# een tas of een zak



## olives

Daag,

Wat is de verschil tussen "tas" en "zak"?

"Droegen ze een tas of een zak?"

Dank u


----------



## Whodunit

olives said:


> Daag,
> 
> Wat is de (het?) verschil tussen "tas" en "zak"?
> 
> "Droegen ze (zij?) een tas of een zak?"
> 
> Dank u


 
I think:

tas = handbag/purse
zak = bag/sack

As for the corrections: Wait for a native speaker to have them checked.


----------



## Abu Bishr

Hi

"Tas" is "case" in Afrikaans.

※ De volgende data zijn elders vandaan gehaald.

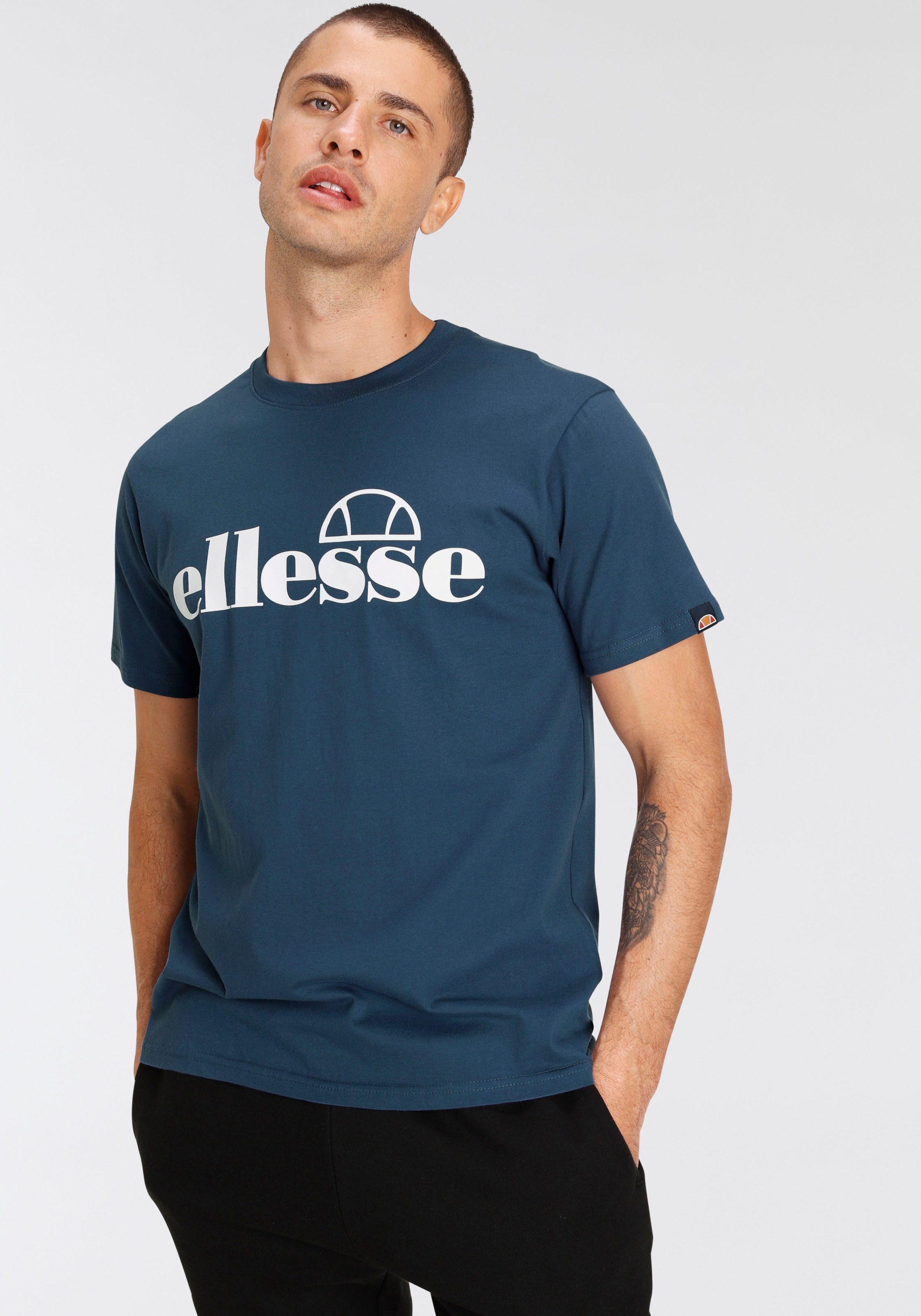 BAUR T-SHIRT« für Ellesse | »H T-Shirt ▷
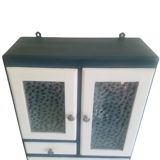 Pharmacy cabinet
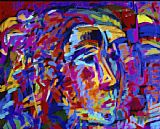 Diana Ong Refracted Woman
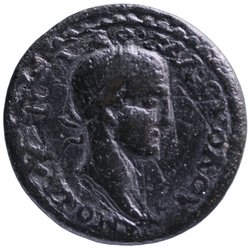 Perga: Volusianus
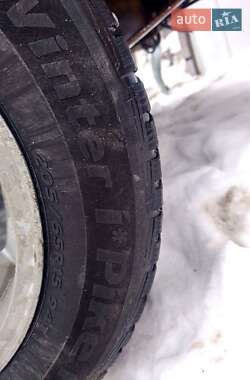 Мінівен Opel Combo 1998 в Тульчині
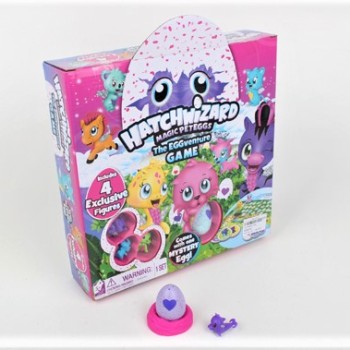 720 Hatchimals Ігровий набір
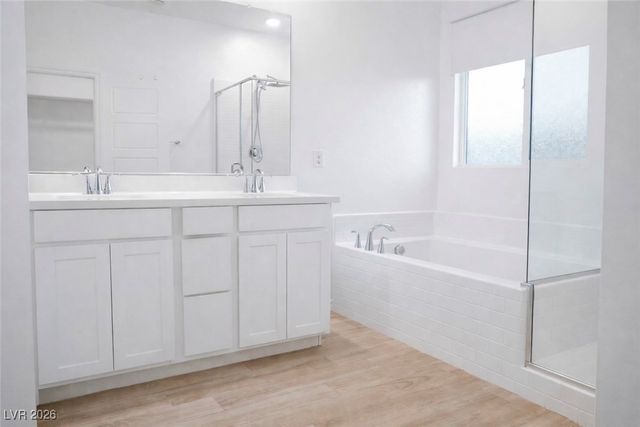 1334 Ossa Street, Henderson, NV 89052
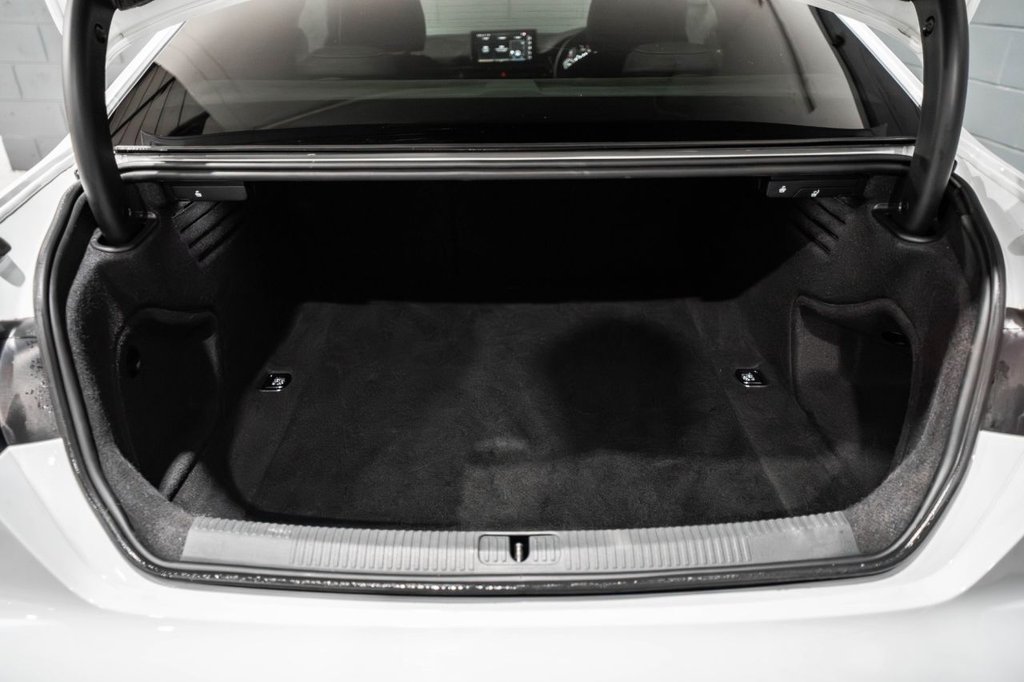 Used Audi A5 2022 for sale - 77785576: Photo 45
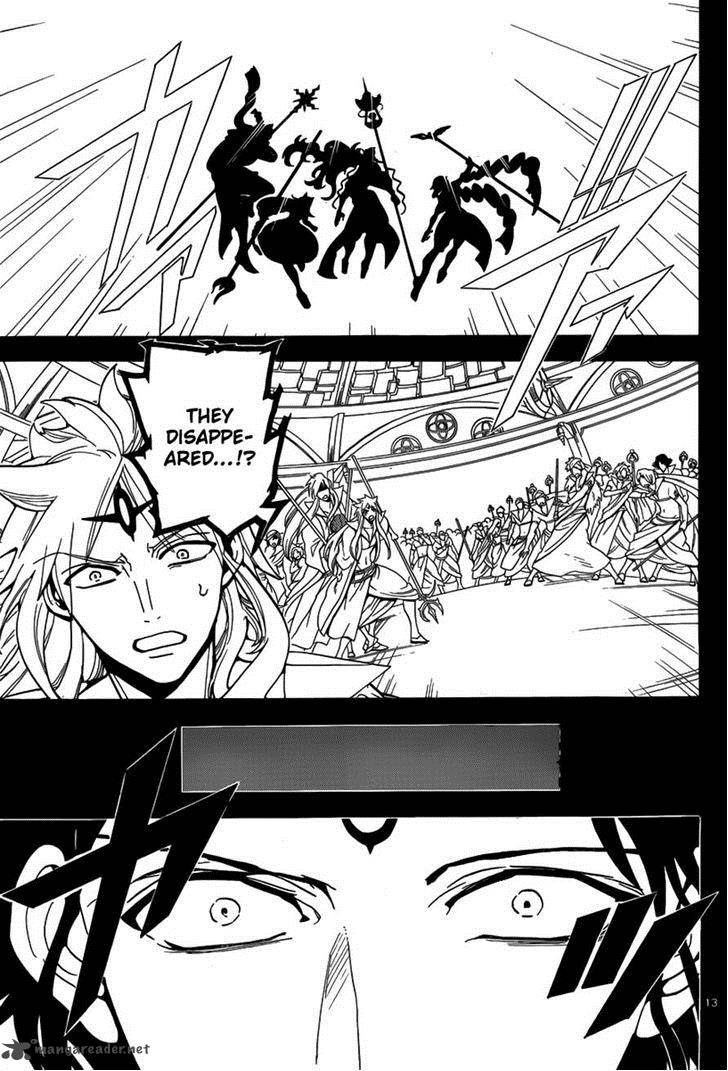 Magi 231 14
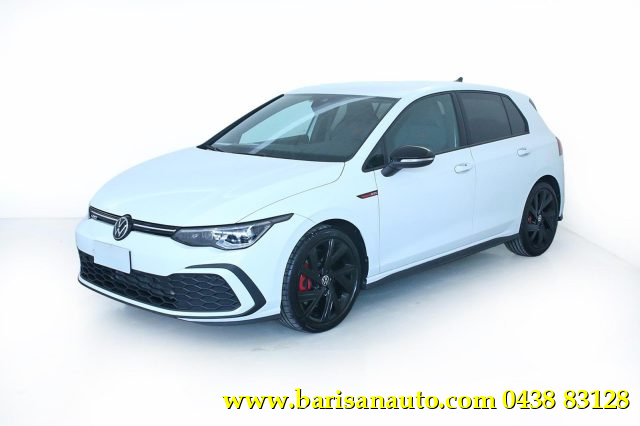 VOLKSWAGEN Golf GTI usata, con ABS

The one in the picture that Whodunit provided is like the old school cases, and we you used to call it "skool tas". So it's not a handbag. It's bigger like a briefcase or even bigger. Travelling cases also fall in the category of "tas". "Zak", I think, is like the Afrikaans "sak" which is "bag" or "sack". We also use "sak" for "pocket". "Rugsak" is like "rucksack" / "haversack" or "backpack".


----------



## Jeedade

I think there is some overlap with the English terms. A “tas” can indeed be a handbag / purse, but also a “schooltas” like in the picture. “Tas” can mean bag as well, as in the examples “boodschappentas” (shopping bag) or “plastic tas” (plastic bag). “Zakken” are usually bigger and are usually flexible, i.e. don’t have a firm shape when not filled, although the “rugzak” is an exception to that. Another example is the “vuilniszak” (garbage bag). The “zak” is also a pocket in clothes. The difference  is not always so clear.
 
Btw: het is inderdaad het verschil


----------



## kapitein rob

Mijn van oorsprong Duitstalige vriendin stelde me dezelfde vraag: wanneer tas, wanneer zak?

Na wat redeneren bedacht ik me dat het verschil moet zitten in de handvatten.

*Zodra er handvatten aan een zak zitten is het een tas.*

Heerlijk simpele oplossing toch?
Het klopt voor alle tasjes en zakjes en ook voor broekzakken (die noemde mijn vriendin ook tas!).
Enige uitzondering is misschien de rugzak, maar eigenlijk ook niet omdat er geen handvatten aan de zak zelf zitten.

Ik was zelf wel blij met deze vondst, of was het een open deur.... reacties?


----------



## Sphynxter

Rugtas en Rugzak is allebei correct, in beide gevallen zullen mensen weten wat je bedoeld. In de randstad gebruiken ze in ieder geval vaak het woordje rugtas/schooltas.

Dus als je het makkelijk voor jezelf wilt maken gebruiken je gewoon rugtas als woord  Het voldoet aan de handvatten regel


----------



## Lopes

Sphynxter said:


> Rugtas en Rugzak is allebei correct, in beide gevallen zullen mensen weten wat je bedoeld. In de randstad gebruiken ze in ieder geval vaak het woordje rugtas/schooltas.



Ik wil niet voor de hele Randstad spreken, maar als ik voor mezelf (en m'n omgeving ook wel) spreek, dan gebruiken we (school)tas _of _rugzak. Rugtas gebruik ik eigenlijk nooit, en dat hoor ik ook heel weinig. Maar tas zelf wel (ook als het om rugzakken gaat).


----------



## FlorisEnsink

Op de basisschool hadden we vroeger een rijmpje dat zo ging:
Klootzak..., doe er een touw om dan heb je een broodzak, doe er nog een touw om dan heb je een rugzak. 
Ik weet niet waarom er een touw om een broodzak moet zitten, maar misschien wel illustratief voor evolutie van de rugzak, die volgens mij van oorsprong inderdaad geen tas is.


----------